**Task requirements:**
Repeat the data exactly. Pictures stay out.

**Information supplied:**
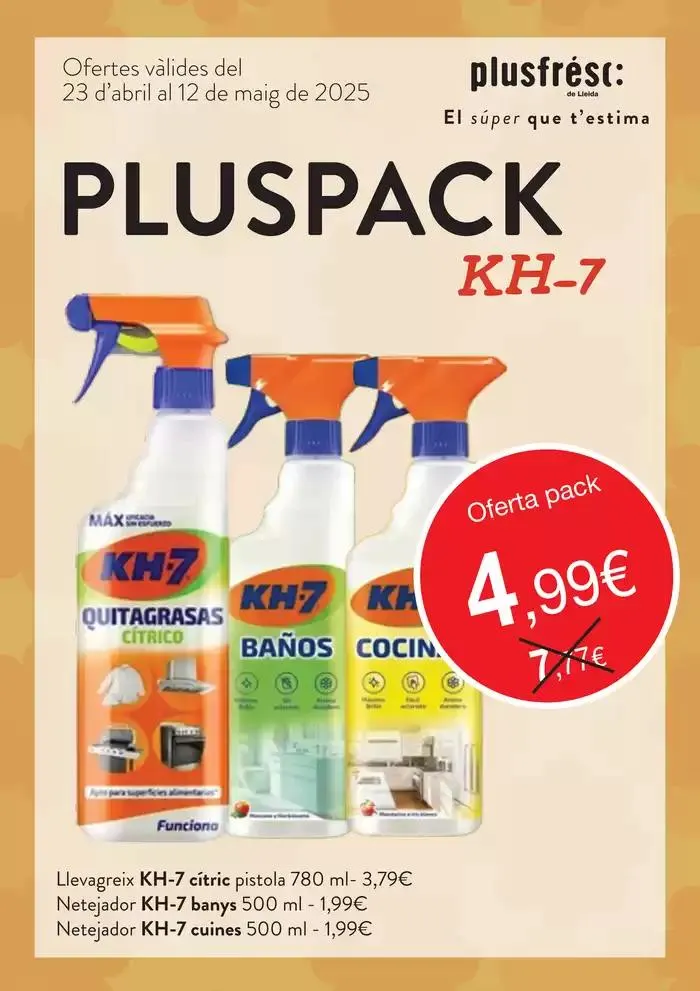 Catálogo de Pluspack Kh-7 23 de abril al 12 de mayo 2025 - Página 1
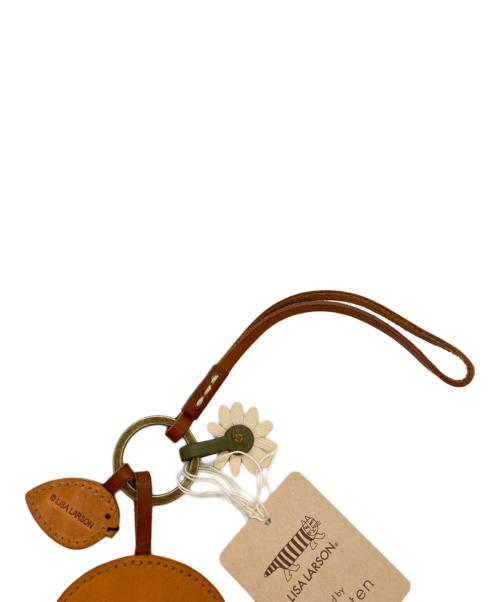 Lisa Larson（リサラーソン）LISA LARSON (リサラーソン) genten (ゲンテン) キーホルダー ブラウン 未使用品の古着・服飾アイテム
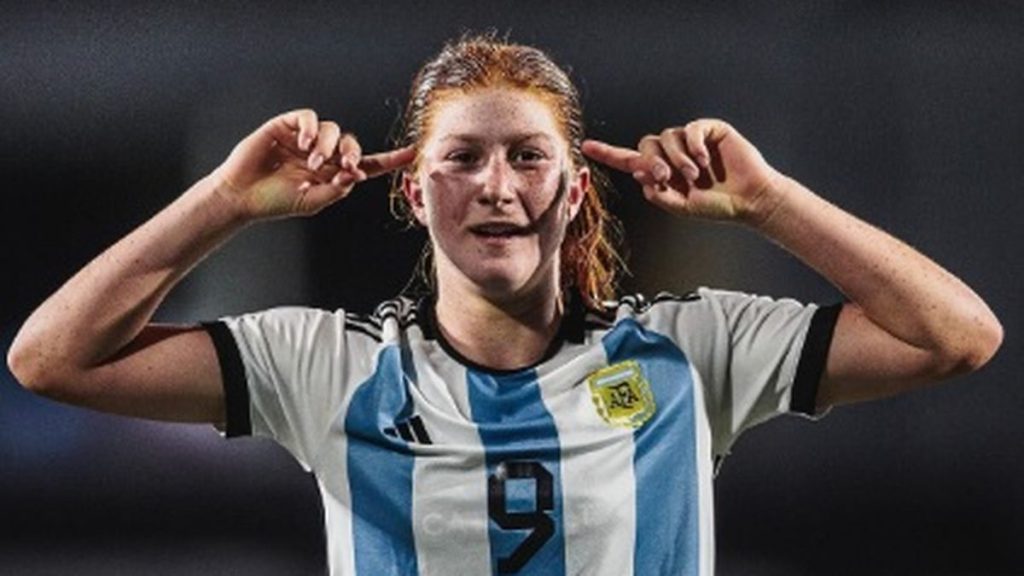 Annika Paz llega a octavos como goleadora argentina del Mundial Sub 20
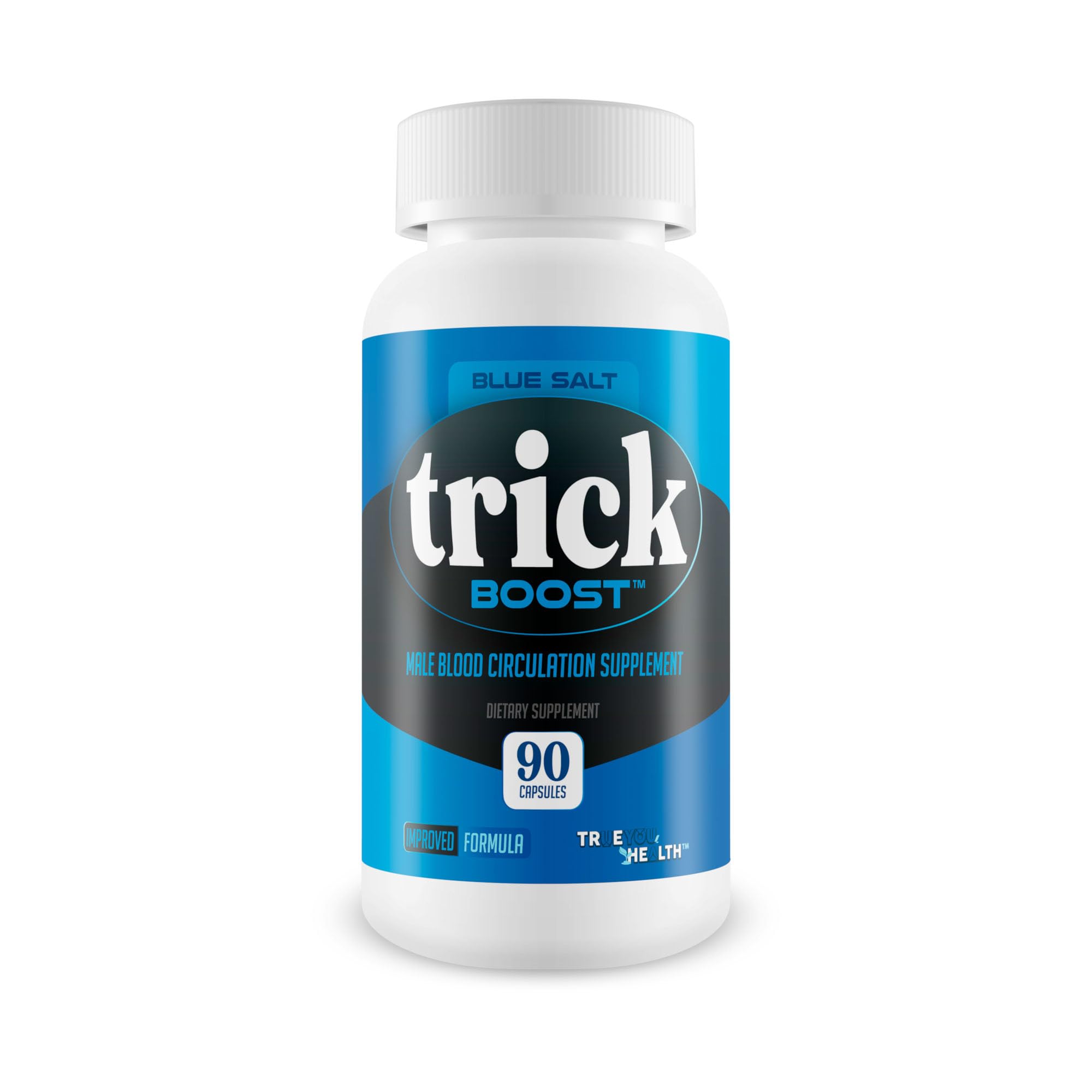 True You Health Blue Salt Trick Boost — bouteille, soutien potentiel à la circulation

**Answer to the exercise:**
 Catálogo de Pluspack Kh-7 23 de abril al 12 de mayo 2025 - Página 1
 Lisa Larson（リサラーソン）LISA LARSON (リサラーソン) genten (ゲンテン) キーホルダー ブラウン 未使用品の古着・服飾アイテム
 Annika Paz llega a octavos como goleadora argentina del Mundial Sub 20
 True You Health Blue Salt Trick Boost — bouteille, soutien potentiel à la circulation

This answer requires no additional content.